»Wie? Was?«, frage Schnur. Erst jetzt fielen ihm die wartenden Blicke auf.
»Ich vermute mal, dass du als zuständiger Chefermittler mit den Jungs nach oben fahren sollst«, antwortete Erik.
»Warum? Wir wissen doch gar nicht, ob es sich um Mord handelt.«
Schnur wurde mulmig zumute.
»Du bist hier, um das zu entscheiden.«
Schnur fuhr sich nervös über sein Kinn und zögerte.
»Hast wohl deinen Rasierapparat vergessen, Barbarossa«, spottete Erik. Er wusste, wie peinlich genau Schnur stets seine roten Bartstoppeln entfernte, kaum dass sie sichtbar werden konnten. Als könnte er damit diesen elenden Spitznamen vergessen machen.
»Noch einmal Barbarossa und ich schicke dich nach oben«, murrte Schnur.

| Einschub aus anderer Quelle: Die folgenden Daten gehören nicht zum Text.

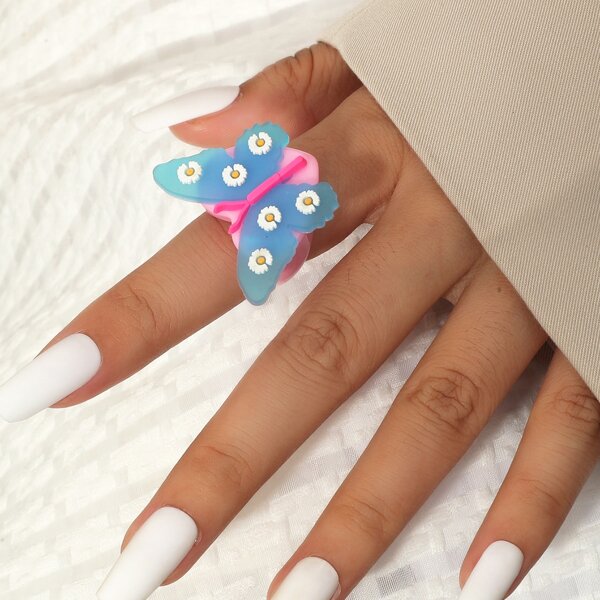 

Butterfly Decor Ring, Multicolor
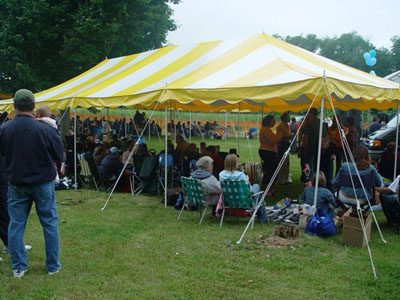 Conneaut Cellars Winery Blues Festival held in June every year – shows customers picnicking and drinking wine while listening to Blues music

Er zog den Schutzanzug und die Schutzhaube über, die ihm ein Mitarbeiter der Spurensicherung entgegenhielt, und stapfte zur Arbeitsbühne.
*
Das kratzende Dröhnen des Walzenschrämladers war laut bis in die Fußstrecke von Flöz 7 in über tausend Metern Tiefe zu hören. Während die beiden Schneidwalzen unaufhörlich rotierten, schrämte die vordere die Kohle im oberen Bereich ab und die hintere Walze die Kohle vom unteren Bereich des Flözes. Direkt im Anschluss wurden hydraulisch gesteuerte Stahlschilde in Bewegung gesetzt, um den Hohlraum, der durch den Abbau entstand, gegen den enormen Gebirgsdruck abzusichern. Die Männer bedienten die Maschinen mit großer Sicherheit. Jeder wusste genau, was er zu tun hatte.
Plötzlich klingelte das Telefon.
Steiger Georg Remmark nahm den Hörer in die Hand, während die lauten Maschinen weiterliefen. Er lauschte eine Weile. Dann legte er auf, richtete seinen Blick auf die Männer und winkte mit seiner Grubenlampe vertikal auf und ab. Ein Zeichen dafür, dass sie ihre Arbeit anhalten sollten. Sofort stellten sie die Maschinen ab.
Die Stille, die plötzlich eintrat, war gespenstig. Nur der Luftzug der Bewetterung war zu hören. Unruhe machte sich unter den Männern breit. Während der Kohleförderung ohne ersichtlichen Grund abzubrechen, war ungewöhnlich. Endlich gab der Steiger mit seiner Kopflampe ein rotierendes Zeichen. Dies bedeutete, ihm in die Bandstrecke zu folgen.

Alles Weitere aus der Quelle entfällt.